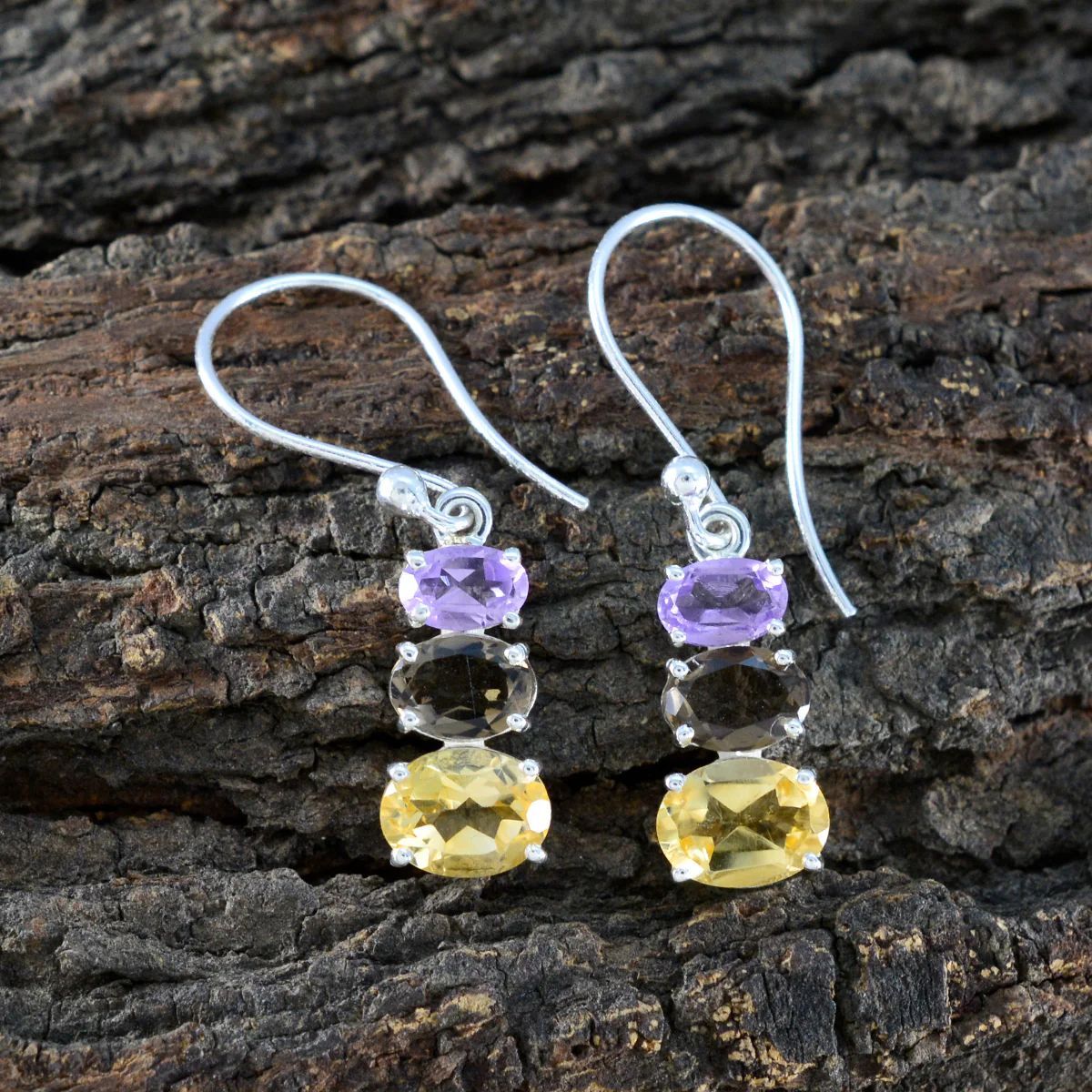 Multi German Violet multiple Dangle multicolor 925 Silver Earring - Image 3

...

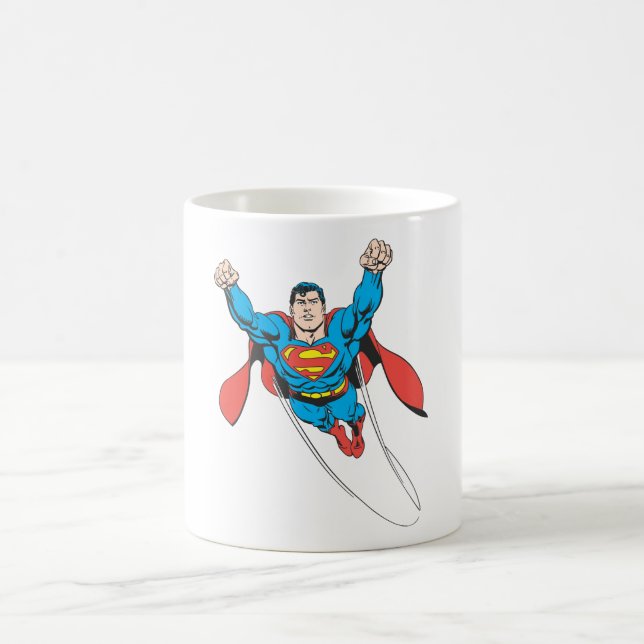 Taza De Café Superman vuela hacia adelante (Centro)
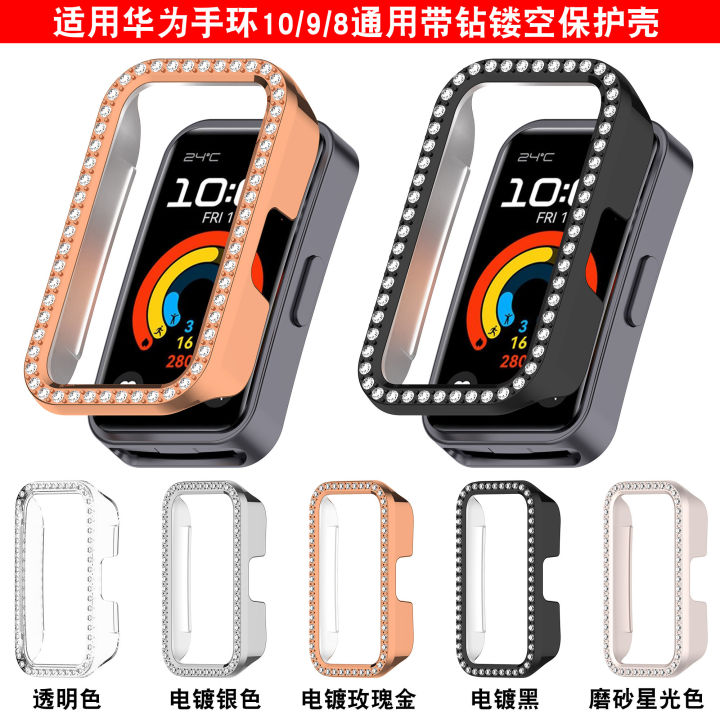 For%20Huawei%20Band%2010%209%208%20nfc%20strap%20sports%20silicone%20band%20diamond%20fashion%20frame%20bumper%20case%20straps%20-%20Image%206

...

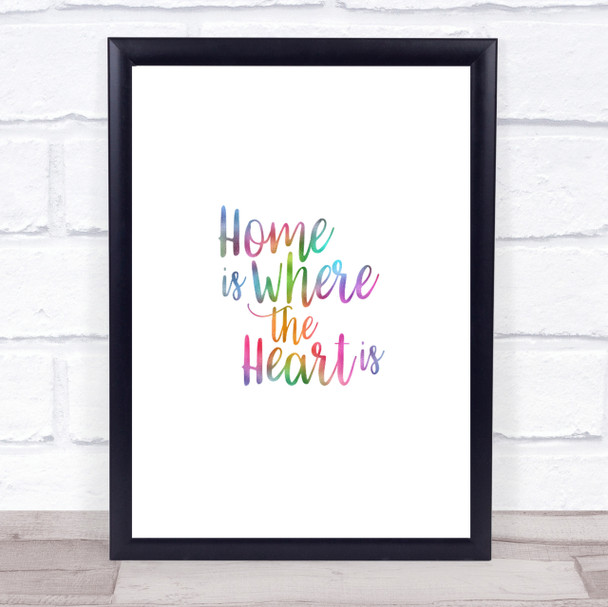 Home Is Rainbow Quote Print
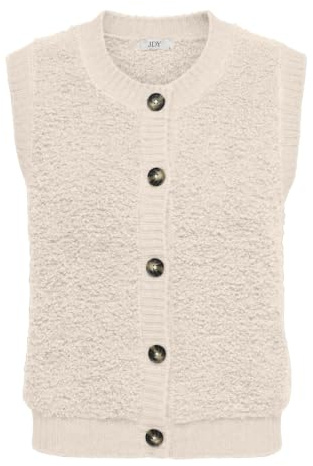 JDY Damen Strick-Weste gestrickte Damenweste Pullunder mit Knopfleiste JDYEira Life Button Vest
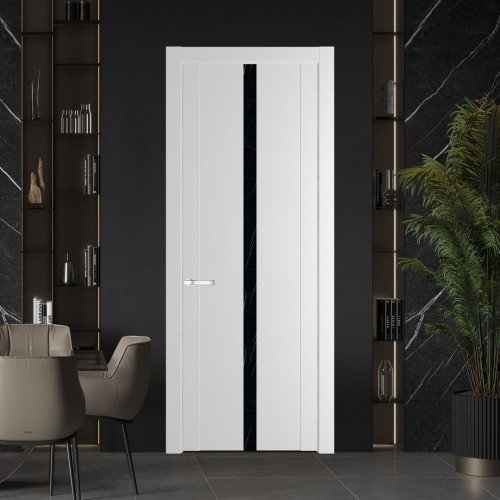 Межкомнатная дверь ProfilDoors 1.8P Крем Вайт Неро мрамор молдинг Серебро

- Problem to solve
Copy out the lines above from the line containing "Home Is Rainbow Quote Print" through the line containing "Межкомнатная дверь ProfilDoors", exactly, and keep the pictures out.

- Solution to this problem
 Home Is Rainbow Quote Print
 JDY Damen Strick-Weste gestrickte Damenweste Pullunder mit Knopfleiste JDYEira Life Button Vest
 Межкомнатная дверь ProfilDoors 1.8P Крем Вайт Неро мрамор молдинг Серебро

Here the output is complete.